Norman Zierold’s charmed life started humbly in the Amana Colonies of Iowa. All that changed after Norman joined the Navy. The war came to an end and Norman used the GI Bill of Rights to attend Harvard, where he graduated cum laude. He then earned a graduate degree in English Literature at the University of Iowa.

While looking for work he was given the opportunity to teach English in France. One of his jobs was enjoying English conversations with the son of the President of France. They even invited him to watch the coronation of Britain’s Queen Elizabeth II on television at their personal residence. Other meetings with cultural luminaries ensued.

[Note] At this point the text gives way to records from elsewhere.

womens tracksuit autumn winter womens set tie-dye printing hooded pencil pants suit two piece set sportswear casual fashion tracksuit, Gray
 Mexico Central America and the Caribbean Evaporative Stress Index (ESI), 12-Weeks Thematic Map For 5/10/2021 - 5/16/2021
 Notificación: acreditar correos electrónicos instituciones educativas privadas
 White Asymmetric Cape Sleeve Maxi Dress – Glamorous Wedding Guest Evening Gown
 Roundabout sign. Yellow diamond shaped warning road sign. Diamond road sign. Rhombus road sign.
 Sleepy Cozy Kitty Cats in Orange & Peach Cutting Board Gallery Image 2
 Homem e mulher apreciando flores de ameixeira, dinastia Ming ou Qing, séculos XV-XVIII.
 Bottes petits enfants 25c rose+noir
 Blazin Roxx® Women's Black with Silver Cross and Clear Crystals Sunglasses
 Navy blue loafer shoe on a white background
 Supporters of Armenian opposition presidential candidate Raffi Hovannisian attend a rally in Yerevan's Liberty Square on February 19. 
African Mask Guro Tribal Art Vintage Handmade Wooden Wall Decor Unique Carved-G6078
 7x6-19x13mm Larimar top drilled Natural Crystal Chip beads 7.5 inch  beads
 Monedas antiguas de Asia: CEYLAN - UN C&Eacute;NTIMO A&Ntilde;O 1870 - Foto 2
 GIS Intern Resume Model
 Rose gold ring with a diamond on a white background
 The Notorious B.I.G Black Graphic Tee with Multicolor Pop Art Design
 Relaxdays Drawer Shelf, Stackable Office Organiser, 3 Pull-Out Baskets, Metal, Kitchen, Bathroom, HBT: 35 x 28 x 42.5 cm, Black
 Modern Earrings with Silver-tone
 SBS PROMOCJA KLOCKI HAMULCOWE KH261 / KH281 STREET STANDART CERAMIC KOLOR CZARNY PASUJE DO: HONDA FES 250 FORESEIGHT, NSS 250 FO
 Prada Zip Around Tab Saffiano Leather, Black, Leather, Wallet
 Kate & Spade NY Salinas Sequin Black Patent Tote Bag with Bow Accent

Upon Norman’s return to the States he headed for New York, where he worked his way up to becoming the editorial director of Theatre Arts Magazine. Eventually he went to Hollywood to fulfill his lifelong calling to become a writer and published several noted Hollywood biographies: The Child Stars, The Moguls: Hollywood’s Merchants of Myth, Garbo, Sex Goddesses of the Silent Screen; and two true-crime accounts, Little Charley Ross: The story of America’s first kidnapping for ransom, and Three Sisters in Black, which garnered a Special Edgar Allen Poe Award from the Mystery Writers of America. He also wrote a science-fiction novel titled The Skyscraper Doom.

In the late 1960s, when Barbara Walters was an anchor on NBC’s Today Show, she interviewed Norman on his recently published book, Little Charley Ross. He describes a humorous account of what happened as they were preparing to go on air. Before the segment was about to begin Barbara was pressing her leg against Norman’s under the table in what seemed to him a suggestive fashion. He wondered if she might be coming on to him and didn’t know what to do. She asked him if he felt that, and he sheepishly said he did. She then explained that this was the signal for him to quickly finish his sentence during the interview so they could break for a commercial. Norman felt relieved. After the interview they had a private chat off camera about Judy Garland since Norman had written about her in The Child Stars, and Barbara’s then husband, Lee Guber, had produced one of Judy’s world tours. They had met and Judy’s issues about her mother came up. Barbara had her own opinion about Judy’s relationship with her mother, but you’ll have to read the book to find out what she said and Norman’s take on it.

In addition to Barbara Walters, Norman met many cultural icons of the day, like Andy Warhol, Shelley Winters, Anthony Quinn, Mae West, Groucho Marx, Roddy McDowall, Jackie Coogan, Rex Harrison, Anais Nin, Tennessee Williams, E.E. Cummings, Dylan Thomas, a president of France, the gifted composer Francis Poulenc, and TM founder Maharishi Mahesh Yogi, to mention a few. Norman spent many months with Anthony Quinn helping him edit down his thousand-page biography into something publishable. It did very well.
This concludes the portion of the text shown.